+++ Exercise input +++
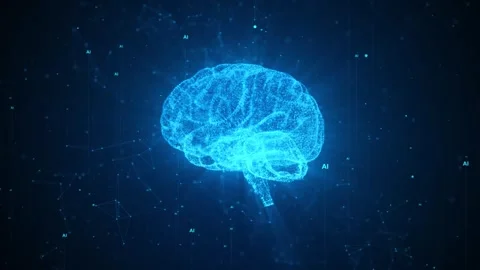 Wireframe cyber mind Human AI tech Future machine learning, face circuit board b Stock Footage 311807327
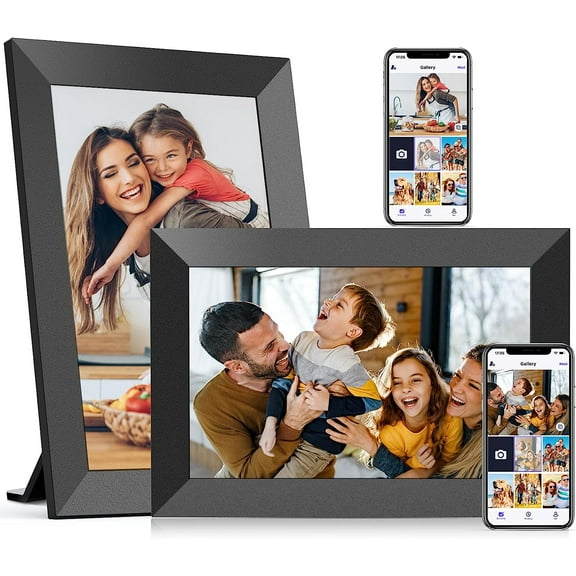 10.1 Inch WiFi Digital Picture Frame, IPS HD Touch Screen Cloud Smart Photo Frames with Built-in 32GB Memory, Wall Mountable, Auto-Rotate, Share Photos Instantly from Anywhere 2-Pack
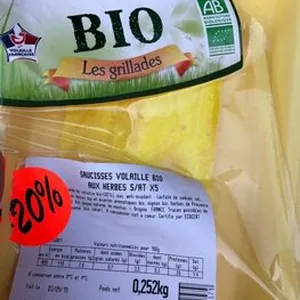 Saucisses de volaille bionaux herbes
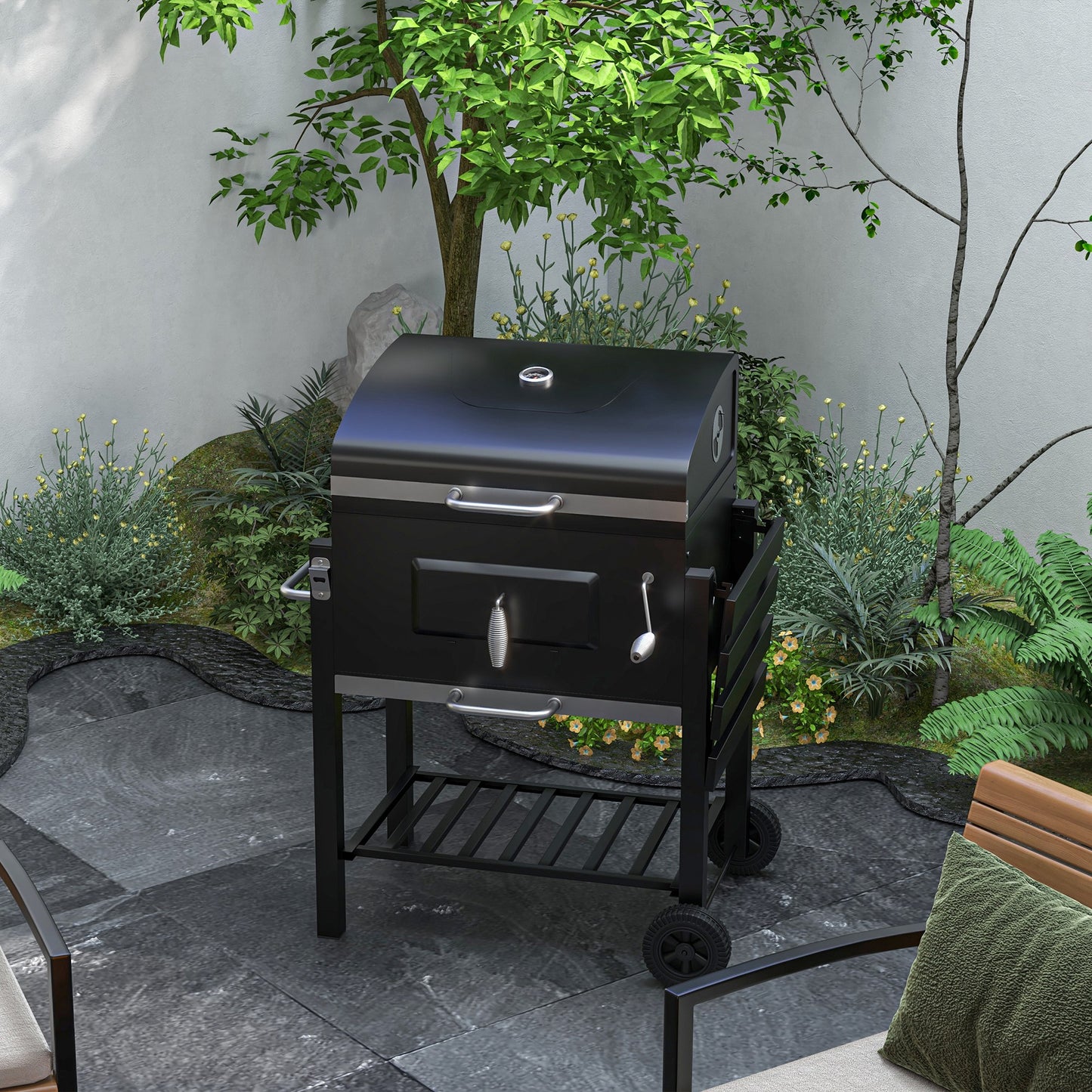 Outsunny BBQ Trolley Charcoal Grill Portable Stainless Steel Barbecue Tool Kits w/ Wheels Side Shelf for Camping Hiking Picnic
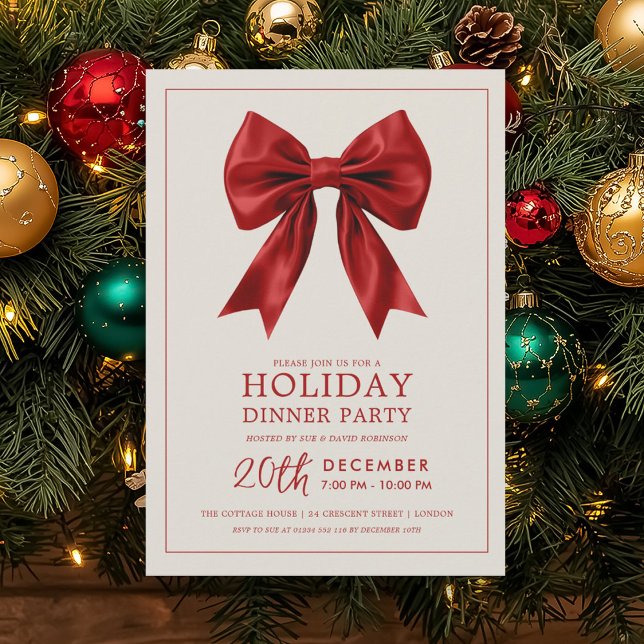 Formal Holiday Dinner Party Red Satin Bow Invitation (Formal Holiday Dinner Party Red Satin Bow Invitation)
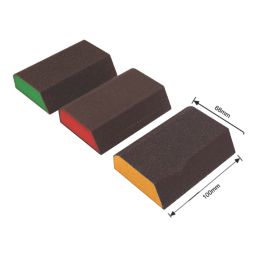 Magnusson  80/120/180 Grit Multi-Material Angled Sanding Sponge 100mm x 68mm 3 Piece Set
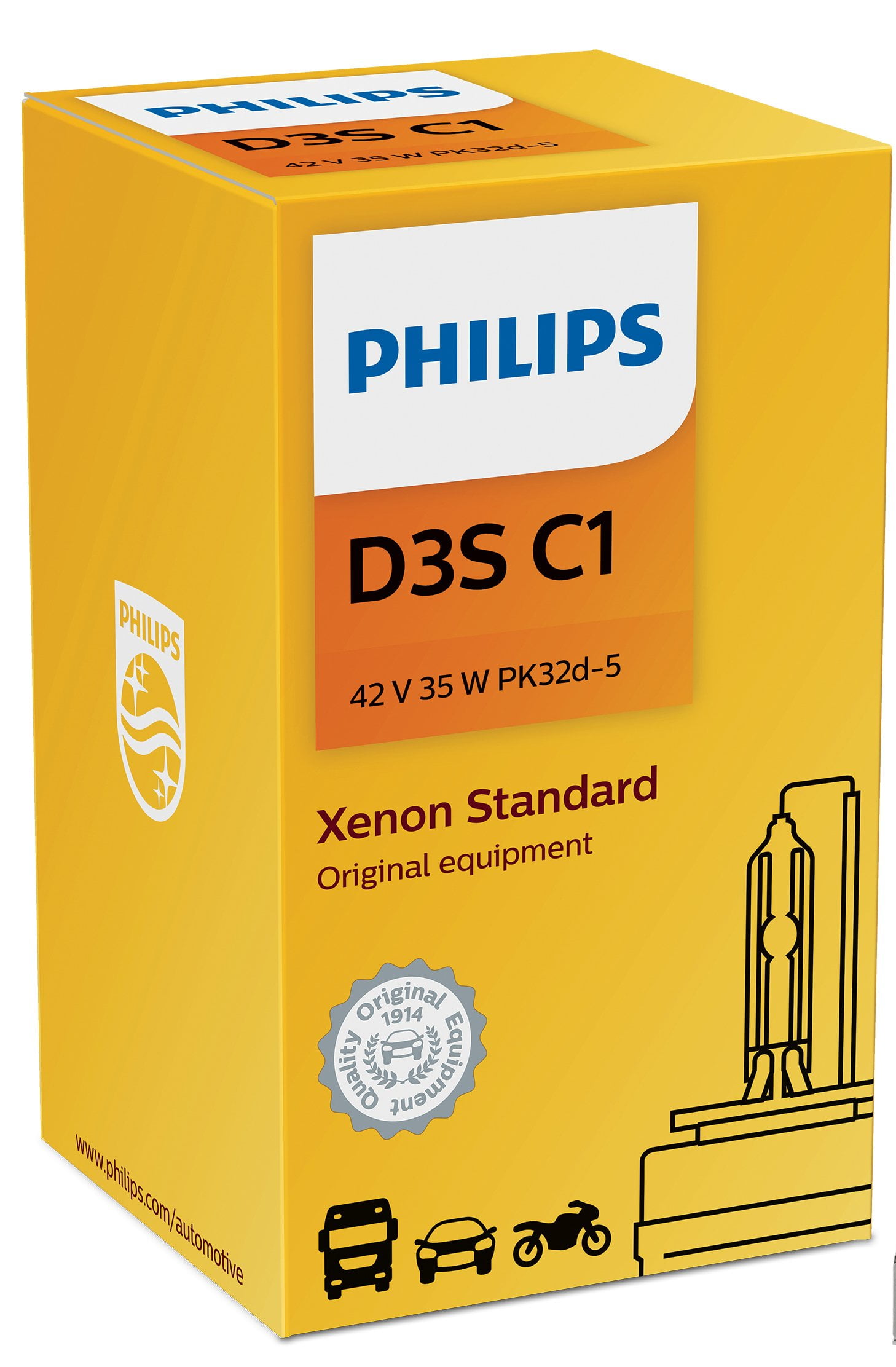 Philips D3S Xenon HID Headlight Bulb, CM31, 1 Pack, Original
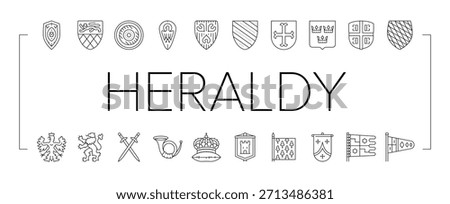 medieval heraldry shield icons set vector. arms, crest, blazon, charge, escutcheon, fess, bend, pale, chevron, lion eagle medieval heraldry shield black contour illustrations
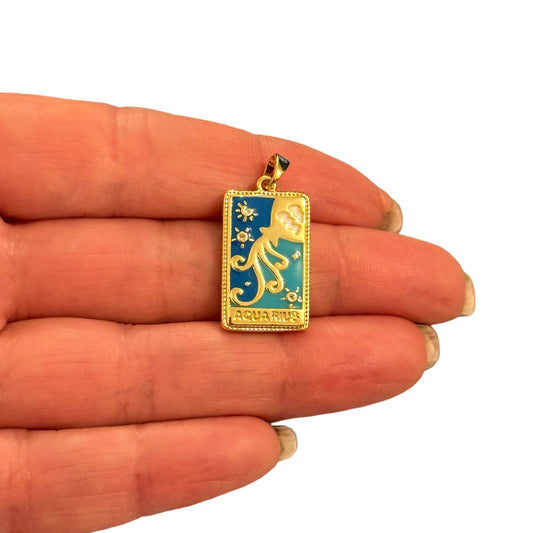 Sarı Çelik Zodyak Burç Kolye Ucu - KOVA ( AQUARIUS)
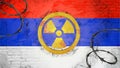 Radiation sign on the background of flag of Russia. The risk of nuclear war and radiation pollution.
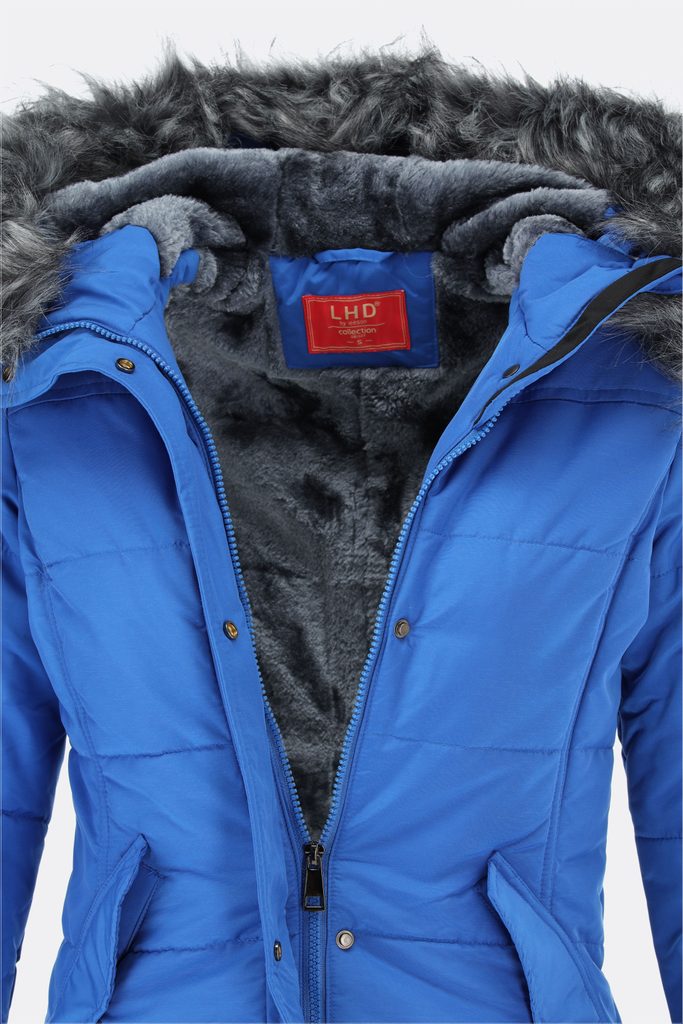 Dámská zimní bunda s kožešinovou podšívkou modrá - Bundy - MODOVO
+++
* **Task objective**: Would you retype the lines from the line containing "Radiation sign on" to the final line of the entries above, exactly as given and without pictures?

* **Exercise answer**:
 Radiation sign on the background of flag of Russia. The risk of nuclear war and radiation pollution.
 Dámská zimní bunda s kožešinovou podšívkou modrá - Bundy - MODOVO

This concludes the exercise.